O convite à embriaguez contínua de Baudelaire, para além de certo entorpecimento imobilizador, é o convite à suspensão do tempo da vida do trabalho. O leitor é convocado a sonhar acordado, a construir os próprios horizontes, a tornar-se autônomo através do vinho, da poesia ou da virtude, e não um “escravo martirizado do Tempo”. A embriaguez em Baudelaire é uma tomada de posição diante do mundo: como se lê um poema, bebe-se para aplacar uma sede da alma.
Para afogar o rancor e a indolência embalar De todos estes velhos que morrem calados, Deus, com remorso, o sonho tratou de criar; O Homem então fez o Vinho, do Sol filho sagrado!"
O vinho dos trapeiros, última estrofe
Baudelaire inicia “O vinho dos trapeiros” (As Flores do Mal) com os belíssimos versos: “no coração de um velho bairro, labirinto lamacento / onde a humanidade se agita em tempestuoso fermento”.
É um poema sobre trabalhadores voltando para casa com seus barris de vinho, a caminho de uma “luminosa orgia”. Um dos trapeiros, trôpego como um poeta, “embriaga-se dos esplendores de sua própria virtude”.
Na última estrofe do poema, Baudelaire compõe inusitadas contraposições: um Deus, com remorso, para afogar o rancor dos pobres e velhos cria o sono; o Homem então cria o vinho, que “traz a glória ao povo embriagado de amor”. A criação humana, com matizes de paganismo às avessas (o vinho é, no poema, filho de Apolo, do Sol, e não de Dionísio), supera a criação do remordido Deus cristão.
Em Paraísos Artificiais, obra sobre os efeitos do ópio, do haxixe e do vinho, Baudelaire defende que “o vinho é parecido com o homem: não se sabe nunca até que ponto podemos estimá-lo ou desprezá-lo, amá-lo ou odiá-lo, nem de quantas ações sublimes ou crimes monstruosos é capaz.
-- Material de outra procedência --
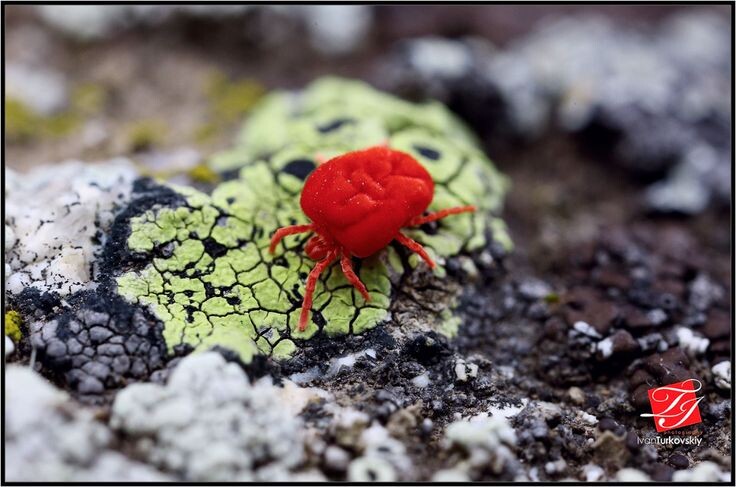 Клещ плодовый красный. Фото: https://ru.pinterest.com/pin/858358010237198608/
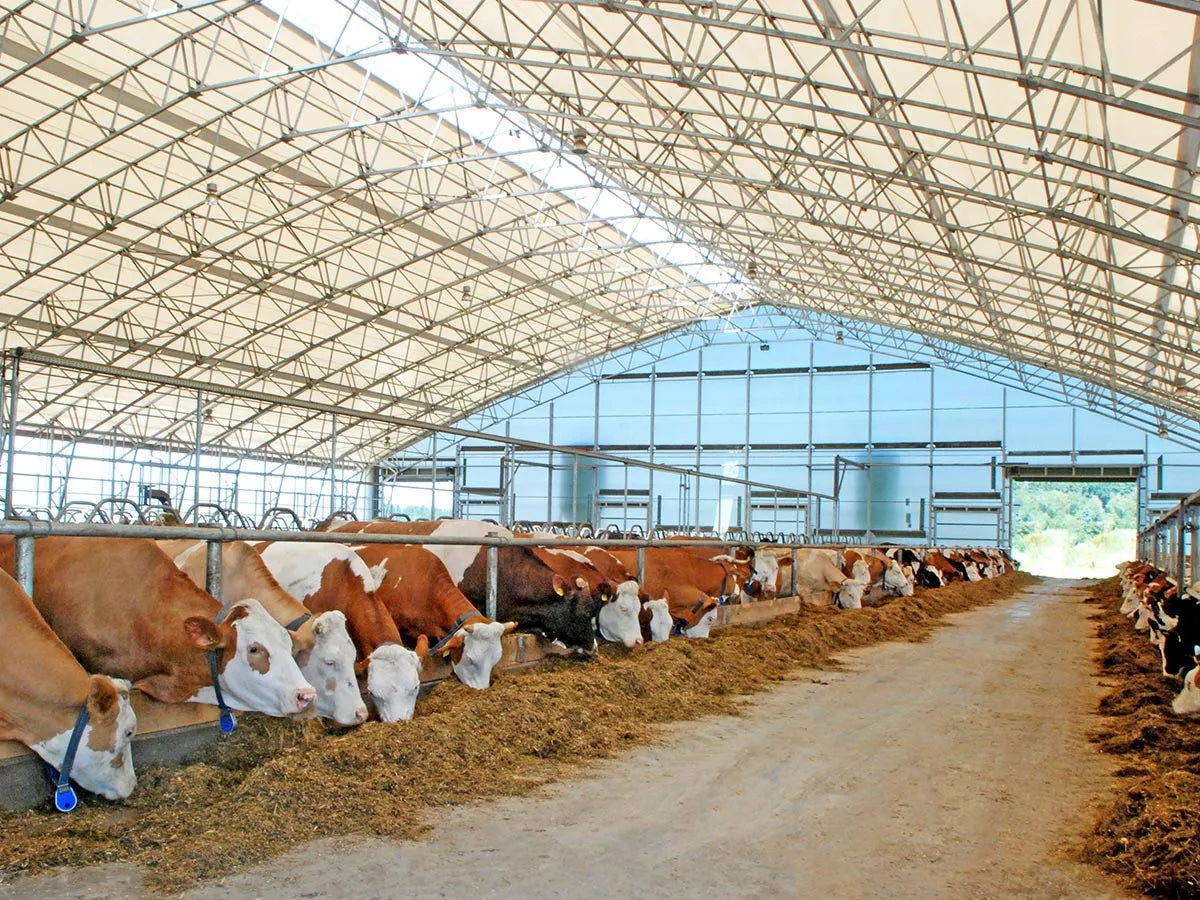 Melkeproduksjon - Optimale bygg og løsninger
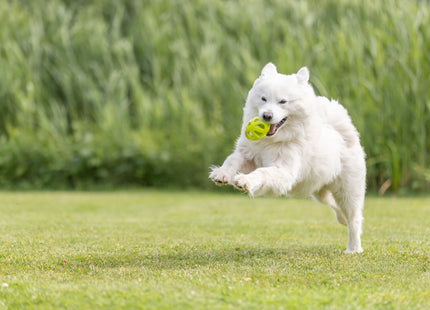 Trixie Wabenrugby, TPE, lime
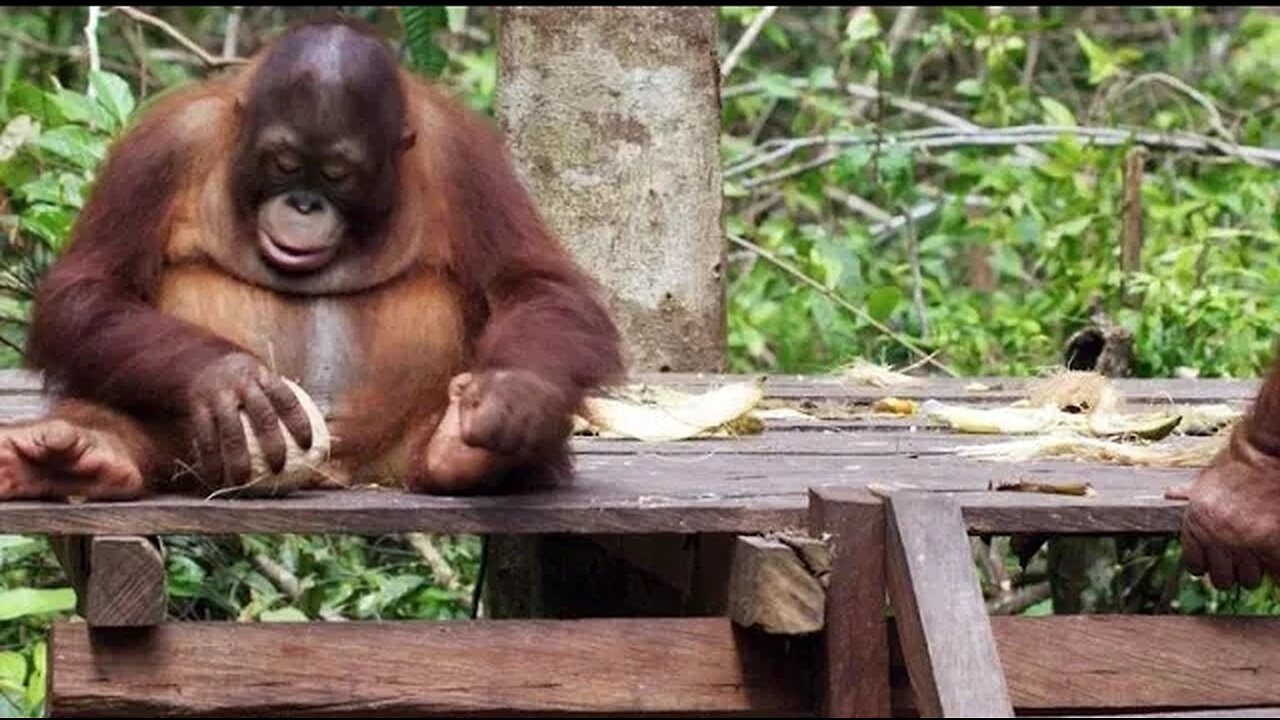 Baby Orangutans Learn How to Crack Coconuts.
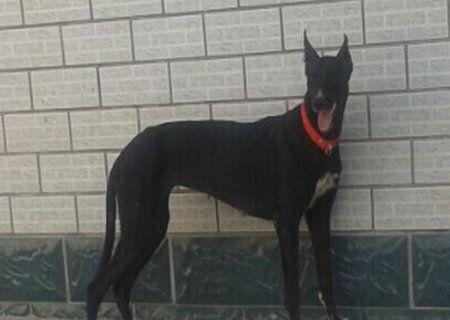 养格力犬的注意事项（如何解决六个月格力犬跑不快的问题）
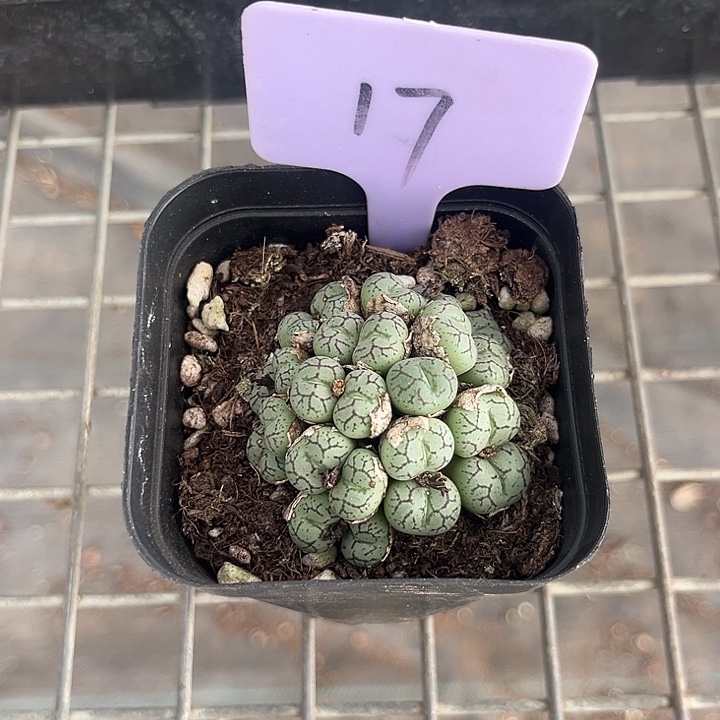 我也不知道我为什么要这样对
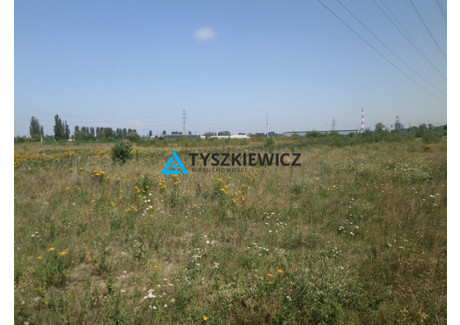 Działka na sprzedaż - Sitowie Rudniki, Gdańsk, 26 144 m², 2 614 400 PLN, NET-TY381965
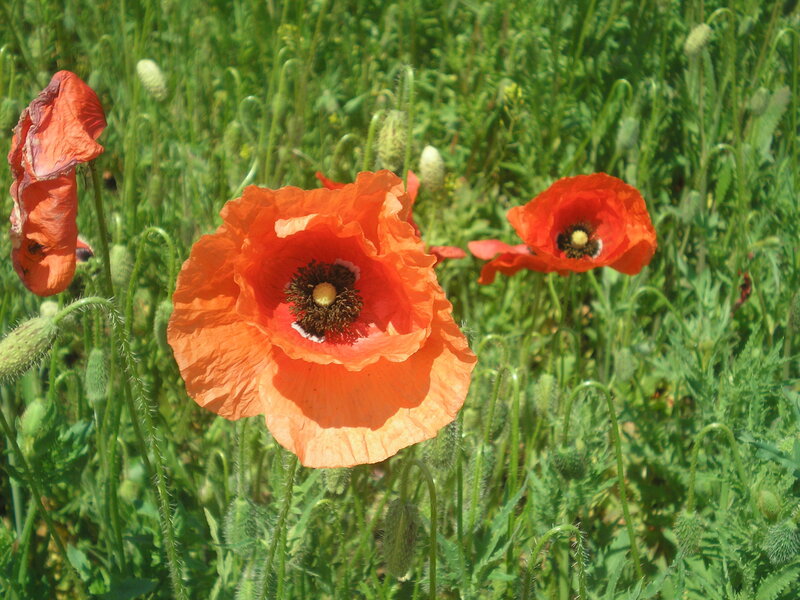 Red poppies in a green field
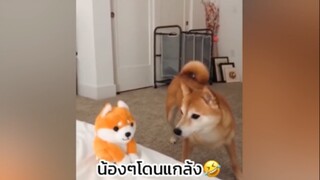 ความตลกที่น่าเอ็นดู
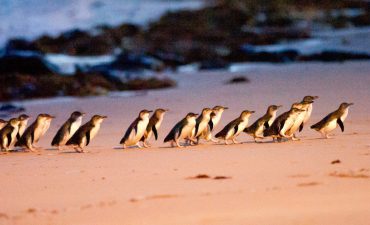 The penguins on Phillip Island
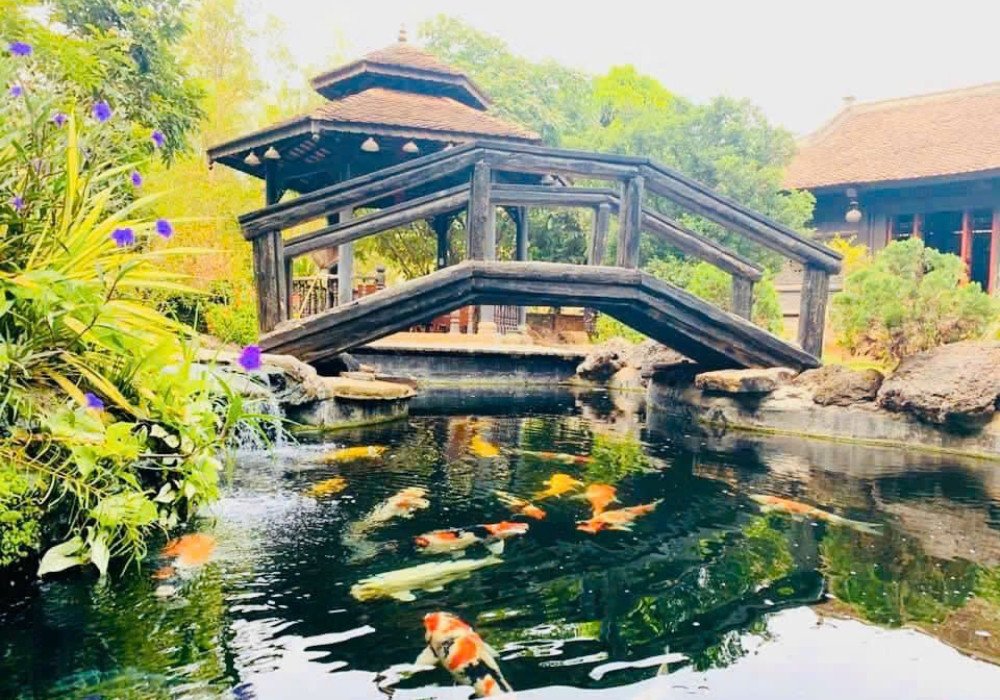 Danh hài Hoàng Mập bất ngờ rao bán biệt phủ triệu đô rộng 1.600m2 - 11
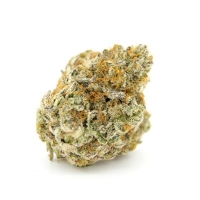 Cherry Mac Muffin Feminised Cannabis Seeds - Growers Choice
Não sejamos então mais cruéis com ele do que com nós mesmos, devemos tratá-lo como nosso igual”. O vinho, ao assumir posição de equidade com o homem, assume também o que há de “fugitivo, transitório e contingente” nos humores humanos. É “no ouro de seu tinto vapor, como um sol poente em um céu nebuloso” (O veneno, primeira estrofe, últimos versos).
Àqueles avessos ao vinho ou à poesia, Baudelaire deixa um recado: “Muitas pessoas me acharão, sem dúvida, um indulgente: ‘Você inocenta a embriaguez, você personifica o crápula’. Admito que diante dos benefícios eu não tenho coragem de contar as queixas. Aliás, eu disse que o vinho era similar ao homem, e concordei que os seus crimes eram iguais às suas virtudes. Melhor não posso fazer. Mas tenho uma outra ideia: se o vinho desaparecesse da produção humana, creio que ele faria um vazio à saúde e ao intelecto do planeta, uma ausência, uma imperfeição muito mais horrível que todos os excessos e desvios com que responsabilizamos o vinho. […] Um homem que não bebe senão água tem um segredo a esconder dos seus iguais” (Do Vinho e do Haxixe, parte II).